A white paper — “Rethinking AI Sovereignty” — released by World Economic Forum (WEF) in Davos a few days ago in collaboration with Bain & Co, says that India’s accumulated investments since 2010 accounted for 1.2-1.8 per cent of its 2024 GDP, compared to the US at 3.4-5.1 per cent, Singapore at 3.1-4.6 per cent, South Korea at 2.2-3.3 per cent, and China at 1.7-2.6 per cent at fourth position. 
Countries or regions which performed lower than India include Europe (excluding the UK) at 1.1-1.6 per cent, and Brazil at 0.7-1.1 per cent. Countries above India include the UAE, Japan, Canada, and the UK. While the rest of the world collectively was nearly on a par with India, a bulk of the investments was in hardware, driven by just two companies — TSMC and UMC. 
But the white paper clearly brings to the fore the fact that AI is a big bucks game that mega investments, even though there is no road map of adequate return on investments in the near future.
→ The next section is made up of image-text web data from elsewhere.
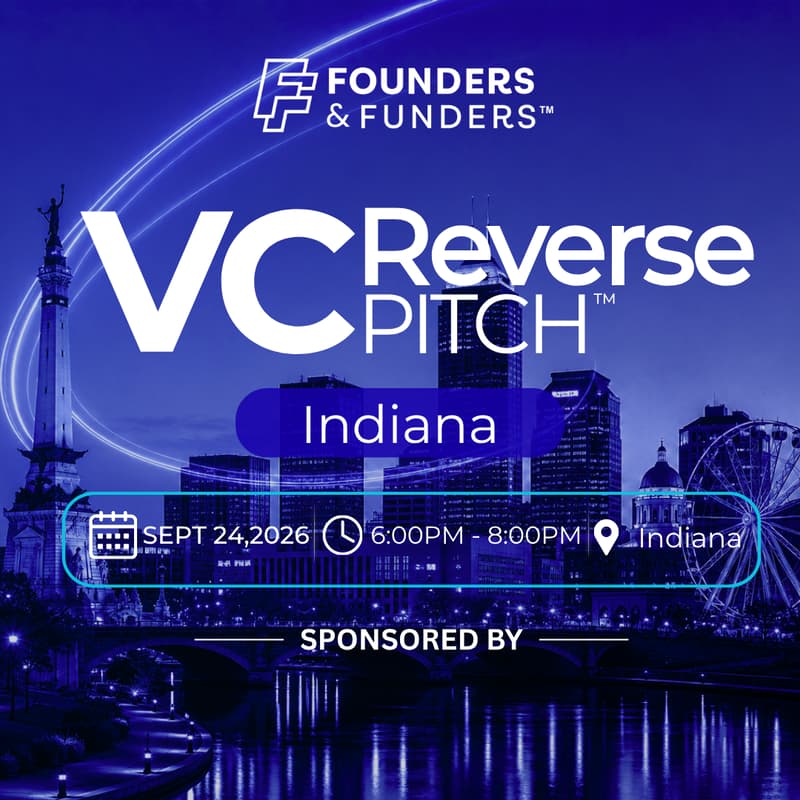 Cover Image for Founders & Funders: IND VC Reverse Pitch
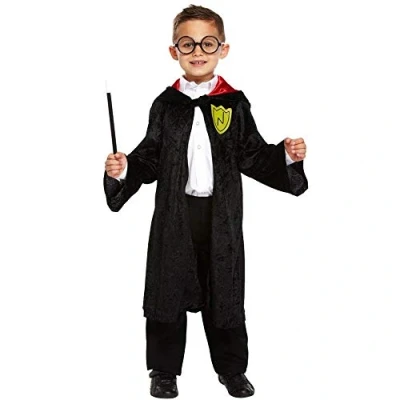 Image of HENBRANDT Boys Costume: Wizard School Boy (Medium 7 9 Yrs)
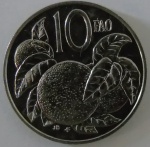 Moeda de niquel,Ilhas cook 10 cents 1979 -FAO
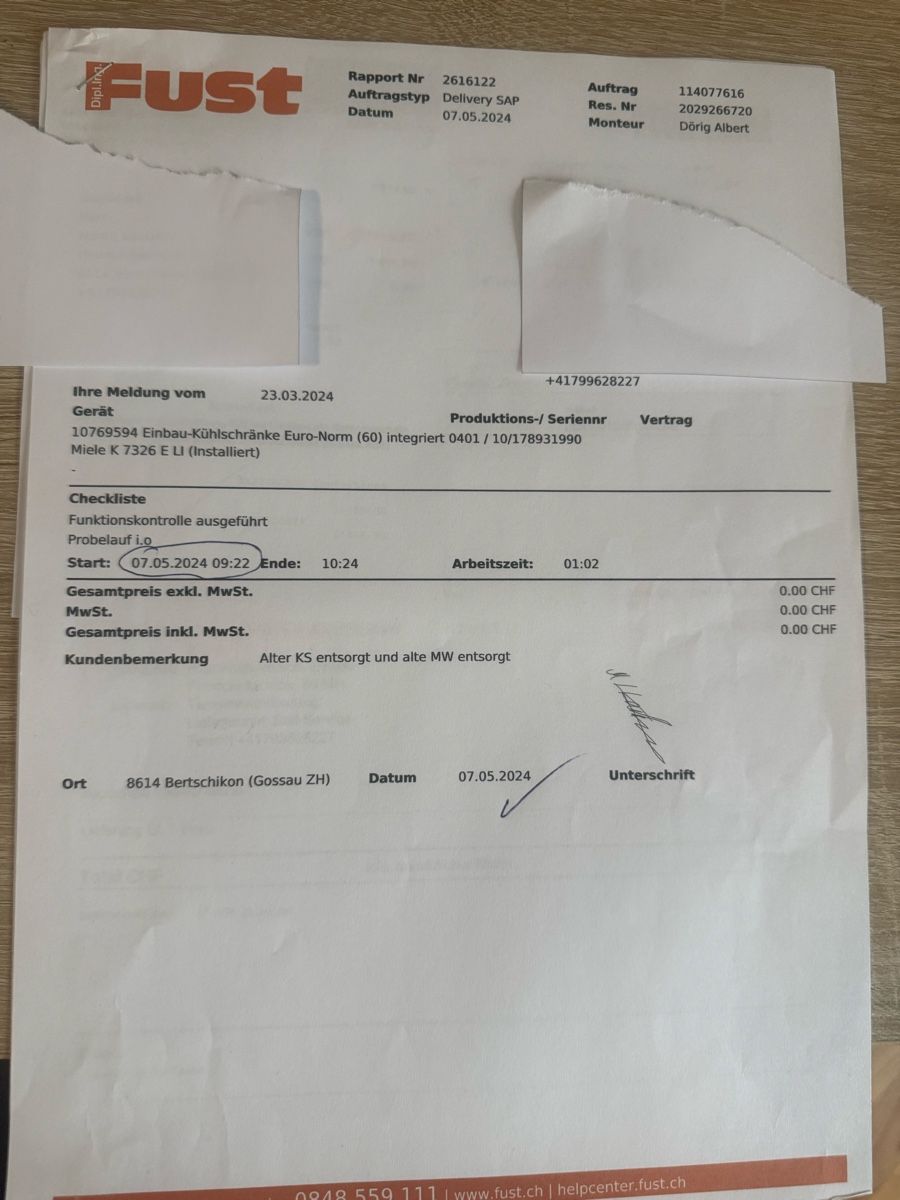 Miele Frigoriferi: Kühlschrank Miele, 2 jährig – Usato da Bertschikon Gossau venduto da Polo2005 3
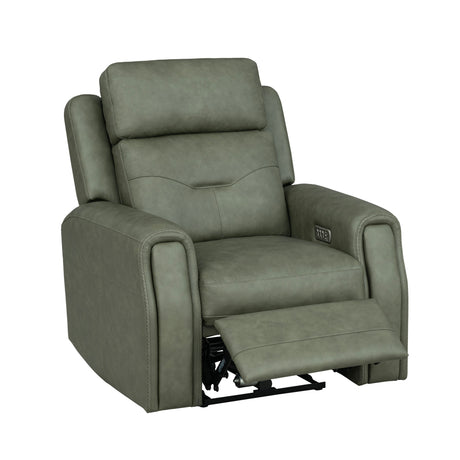 Felix Power Recliner With Power Headrest, Lumbar, Heat & Massage - Forest Green | Flexsteel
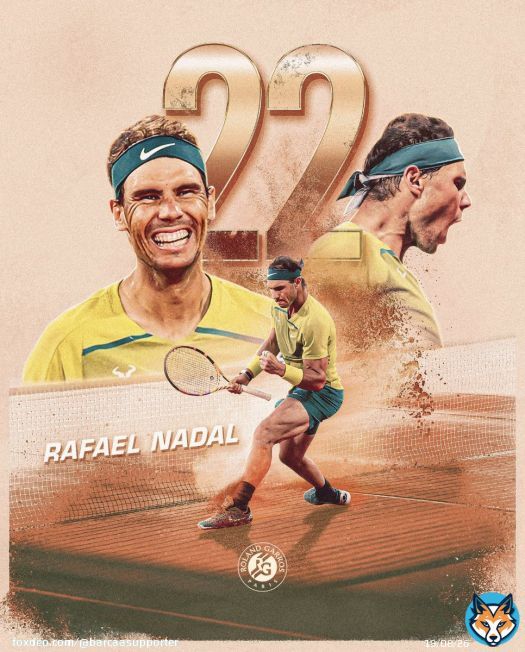 Again and again! #RolandGarros   #نادال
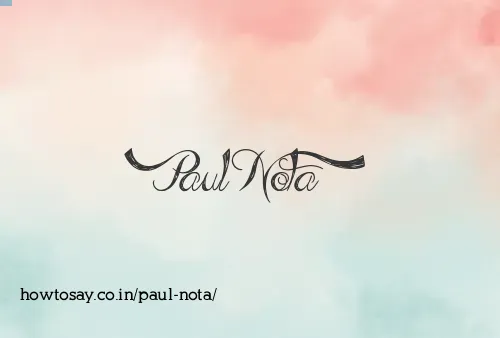 Paul Nota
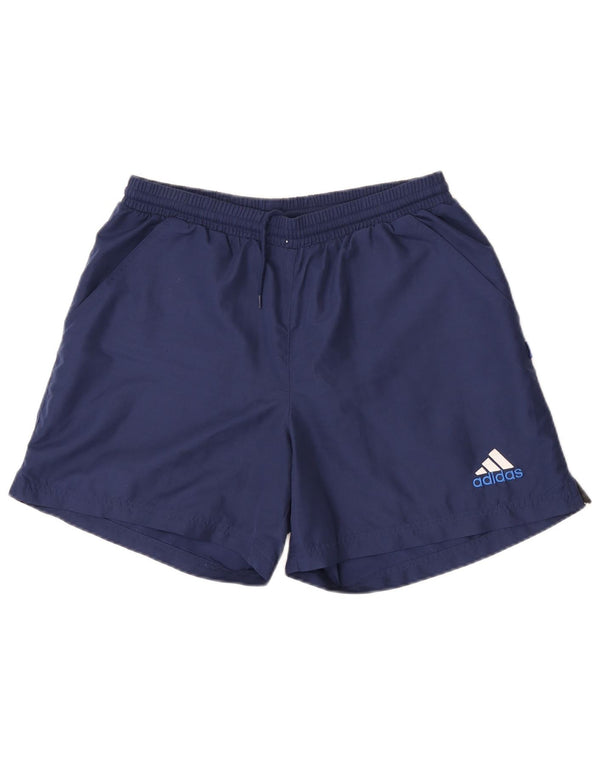 Adidas Mens Sport Shorts Large Navy Blue Polyester Sports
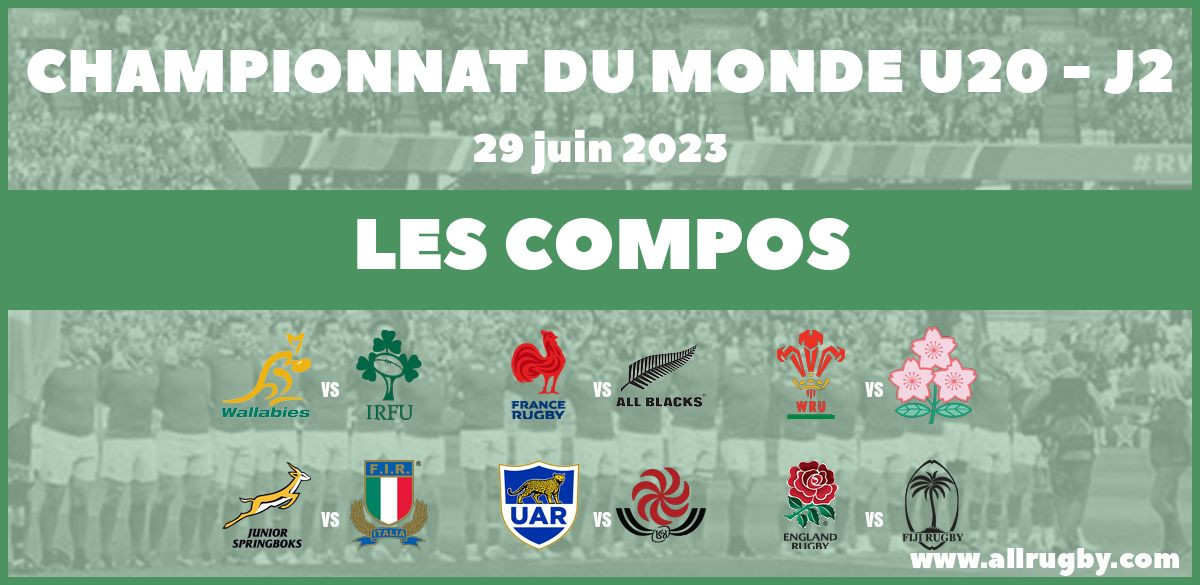 Championnat du Monde U20 2023 - J2 : les compos de la seconde journée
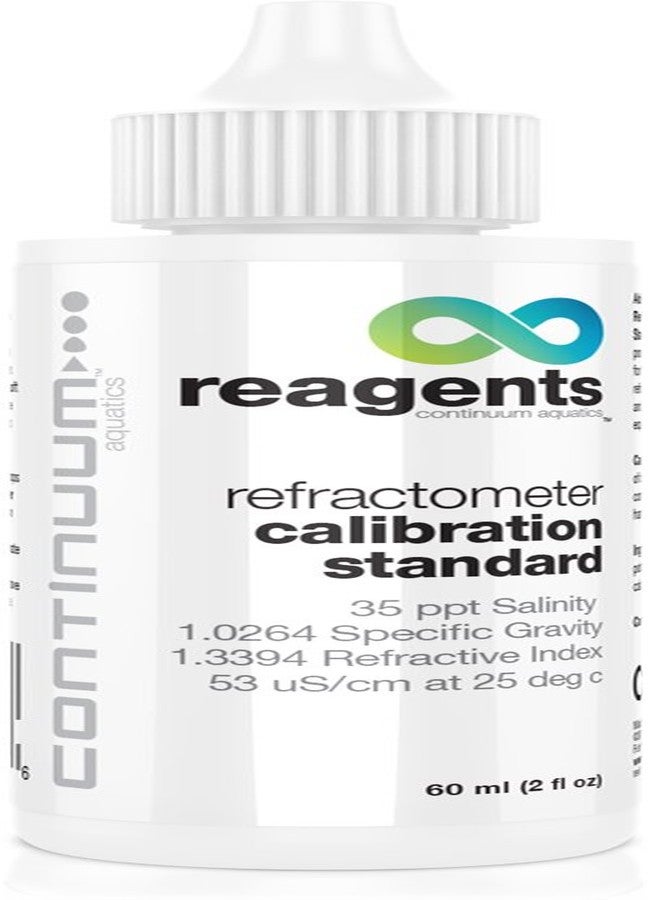 Continuum Aquatics Reagents Refractometer Calibration Standard – Seawater Reference for Calibration of Density Measuring Equipment, 60 ml - Image 1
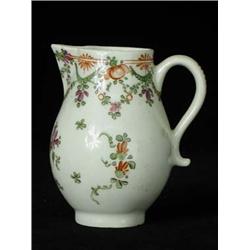 A Lowestoft porcelain sparrow beak jug, wi...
Two countries, the US and China, are of course making big over-sized bets — they account for 65 per cent of the total AI investment since 2010, totalling a staggering $2,150 billion to $3,250 billion. Both the countries have taken a full-stack approach. And the report says that the projected additional investment annually till 2030 would be to the tune of $1.5 trillion.
 
One of the largest investments is going into building the AI infrastructure (data centres) where the cumulative investment since 2010 has already hit $600 billion. The report estimates that the globe currently has over 1,136 hyperscalers, and the projection is that that number would go up to over 2,000 by 2030. India, for example, itself has investments of over $67 billion, which will be on board in the country in the next three years. These investments were announced by global big tech companies.
 
In hardware, investment of over $200 billion has already been made since 2010. This investment is expected to grow by 15-25 per cent annually, or $90 billion per annum, until 2030 as more high-end processors are required to power AI. And investment in foundational models, the report says, is projected to grow 25-35 per cent per annum, reaching at least $300 billion per year until 2030, driven by the complexity of large language models, small language models, and classical machine learning.